[[ EXERCISE DATA open ]]
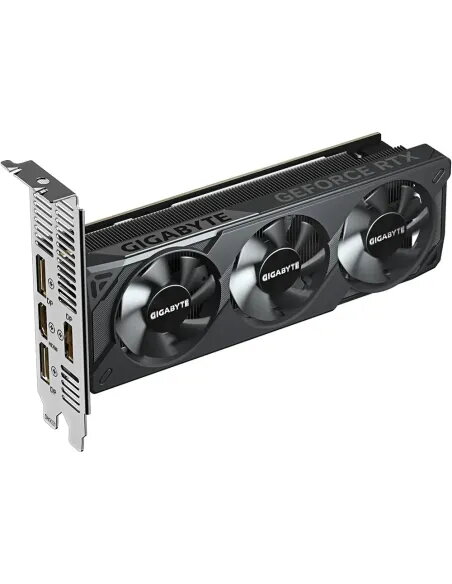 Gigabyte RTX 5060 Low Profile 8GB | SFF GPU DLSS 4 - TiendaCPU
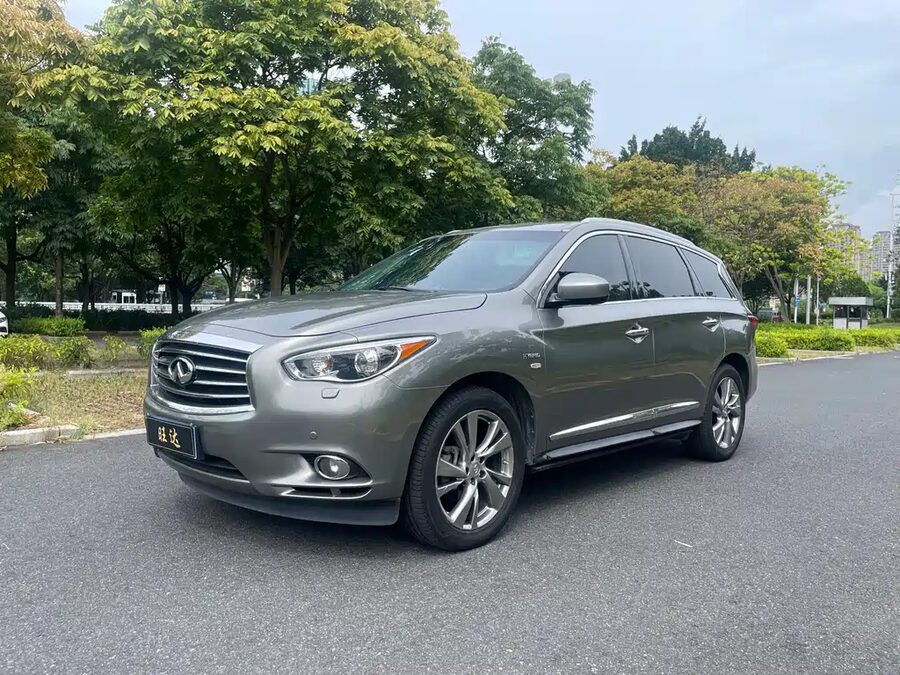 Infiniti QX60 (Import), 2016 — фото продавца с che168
[[ EXERCISE DATA closed ]]
[[ EXERCISE DATA open ]]
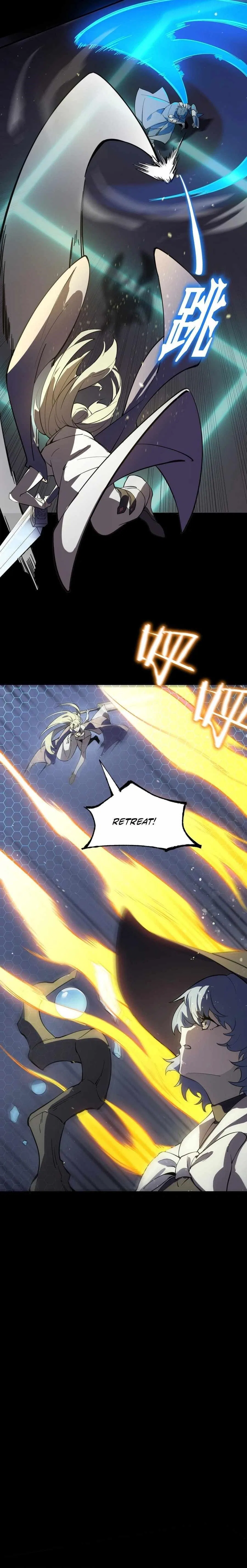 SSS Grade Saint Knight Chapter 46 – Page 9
[[ EXERCISE DATA closed ]]
▶ WORK REQUEST
What is needed is an exact copy of the lines above, from the one holding "Gigabyte RTX 5060" down to the one holding "Infiniti QX60 (Import), 2016", with those two included and the pictures left out.

▶ TASK RESPONSE
 Gigabyte RTX 5060 Low Profile 8GB | SFF GPU DLSS 4 - TiendaCPU
 Infiniti QX60 (Import), 2016 — фото продавца с che168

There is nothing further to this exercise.